The year 2025 passed in the housing market without programmatic stimuli, amidst record supply and still-high interest rates. Despite this, developers began construction on nearly 130,000 apartments, confirming that the sector can function under conditions of market equilibrium rather than short-term demand stimuli. The Central Statistical Office (GUS) has released December data regarding residential construction, thus giving us a complete picture of how the market shaped up in 2025.
Housing Starts
Developers started construction on nearly 130,000 apartments (129,714) in 2025. Given that this result was achieved at a time when the supply of available apartments is the highest in history, and the NBP interest rate still significantly exceeds that of the boom period of 2016–2021—which could, after all, prompt investors to exercise greater caution—the past year must be considered relatively successful.
“The fact that a 15% decrease in new investments was recorded compared to 2024 is misleading in this case.
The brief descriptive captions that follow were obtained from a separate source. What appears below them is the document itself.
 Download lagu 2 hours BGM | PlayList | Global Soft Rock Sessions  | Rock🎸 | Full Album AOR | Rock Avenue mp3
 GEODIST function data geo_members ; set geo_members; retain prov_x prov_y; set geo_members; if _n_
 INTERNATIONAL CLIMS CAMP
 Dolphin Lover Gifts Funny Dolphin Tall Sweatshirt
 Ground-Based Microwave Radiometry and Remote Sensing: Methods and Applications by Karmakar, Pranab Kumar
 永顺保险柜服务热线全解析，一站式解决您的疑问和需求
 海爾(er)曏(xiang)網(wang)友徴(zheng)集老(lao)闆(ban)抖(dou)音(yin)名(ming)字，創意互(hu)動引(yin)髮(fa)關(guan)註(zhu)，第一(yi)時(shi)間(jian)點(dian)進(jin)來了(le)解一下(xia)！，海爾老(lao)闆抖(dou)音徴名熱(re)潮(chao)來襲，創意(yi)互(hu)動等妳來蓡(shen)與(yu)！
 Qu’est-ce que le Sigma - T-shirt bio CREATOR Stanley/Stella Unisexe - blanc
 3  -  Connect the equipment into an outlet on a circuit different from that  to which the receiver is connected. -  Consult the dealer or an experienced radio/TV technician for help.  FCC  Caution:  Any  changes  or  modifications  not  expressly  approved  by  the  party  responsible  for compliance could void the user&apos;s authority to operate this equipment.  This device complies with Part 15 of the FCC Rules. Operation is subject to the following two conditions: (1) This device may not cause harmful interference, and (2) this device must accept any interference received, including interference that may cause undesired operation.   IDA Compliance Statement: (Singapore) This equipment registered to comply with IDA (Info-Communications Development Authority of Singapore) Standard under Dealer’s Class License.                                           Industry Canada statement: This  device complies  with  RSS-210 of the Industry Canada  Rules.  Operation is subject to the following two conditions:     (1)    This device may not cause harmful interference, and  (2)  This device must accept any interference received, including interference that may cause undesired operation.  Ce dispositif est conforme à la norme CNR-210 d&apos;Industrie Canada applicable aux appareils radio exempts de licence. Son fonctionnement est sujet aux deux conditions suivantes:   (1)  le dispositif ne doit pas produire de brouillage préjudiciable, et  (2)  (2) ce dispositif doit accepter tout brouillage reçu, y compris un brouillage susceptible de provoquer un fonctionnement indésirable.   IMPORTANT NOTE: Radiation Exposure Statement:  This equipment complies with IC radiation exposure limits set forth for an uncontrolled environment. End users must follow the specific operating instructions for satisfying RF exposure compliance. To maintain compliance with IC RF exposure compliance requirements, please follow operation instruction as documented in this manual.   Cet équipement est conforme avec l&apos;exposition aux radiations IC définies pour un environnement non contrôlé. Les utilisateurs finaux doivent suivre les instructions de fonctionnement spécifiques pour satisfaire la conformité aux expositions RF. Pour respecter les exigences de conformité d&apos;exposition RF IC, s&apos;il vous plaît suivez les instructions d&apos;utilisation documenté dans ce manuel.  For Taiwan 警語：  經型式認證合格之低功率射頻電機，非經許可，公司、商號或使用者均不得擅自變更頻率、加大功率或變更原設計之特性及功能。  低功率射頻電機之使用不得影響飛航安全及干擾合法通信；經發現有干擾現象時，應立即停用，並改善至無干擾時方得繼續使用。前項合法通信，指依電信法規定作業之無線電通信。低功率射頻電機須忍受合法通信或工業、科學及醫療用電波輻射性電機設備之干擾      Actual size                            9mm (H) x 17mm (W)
In 2024, particularly in its first half, the starts of new investments were driven by a revival in demand due to the operation of the BK2% program and, as it turned out later, a vain belief in assurances about the program’s extension. Meanwhile, the result of the last 12 months was achieved organically, without external impulses,” comments Patryk Kozierkiewicz, legal counsel for the Polish Association of Developer Companies (PZFD), on the GUS data.
Despite the sector’s challenges related to supply levels, the adopted strategy of launching new projects can be verified positively. The probability of such a scenario is evidenced by recent interest rate cuts and the increased demand we observed in the final months of 2025. Buyers are returning to sales offices, and the number of apartments sold in the 7 largest cities in the last quarter of 2025 was the highest since the corresponding period in 2023, i.e., the peak of the BK2% program (according to Otodom Analytics).
“Such a high level will be difficult to maintain on the scale of the entire coming year, but it is certainly a positive prognosis for the market. We predict that by the end of 2026, the number of newly introduced investments will oscillate around a similar level, i.e., 125,000–130,000 apartments. In this case, the forces mentioned above will balance each other out: increased demand on the one hand, and high supply and a number of unsold finished apartments not seen for years on the other,” adds the PZFD expert.
Building Permits
In the past year, investors received approval for the construction of 171,493 apartments, representing a 16% decrease compared to 2024.
“A slight cooling seems natural in this case. Supply saturation and a drop in the pace of sales could have limited potential activity regarding the preparation of future investments. Some investors focused to a greater extent on selling existing projects, which limited the space for long-term planning of new investments. This phenomenon could largely affect smaller developers operating outside the main markets and realizing single projects one after another. Although oversupply is also observed in larger metropolises, such as Łódź or Katowice,” claims Patryk Kozierkiewicz.
The positive end to the past year and improving macroeconomic conditions, as well as upcoming legal changes, should prompt developers to greater activity in 2026.
Completions (Occupancy Permits)
After two years of declines in the number of apartments delivered for use, developers closed 2025 with a result of 134,000 completed units, which constitutes an 8% increase year-on-year. Given the duration of construction, the number of apartments delivered for use is the result of investments for which construction began approximately 18–24 months earlier.
“Since 2024 was extremely good for the industry in terms of started construction, the current year should end with an even better result, likely oscillating around 140,000 delivered apartments. This, in turn, would bring us closer to the record levels of 2020–2022,” concludes the PZFD expert.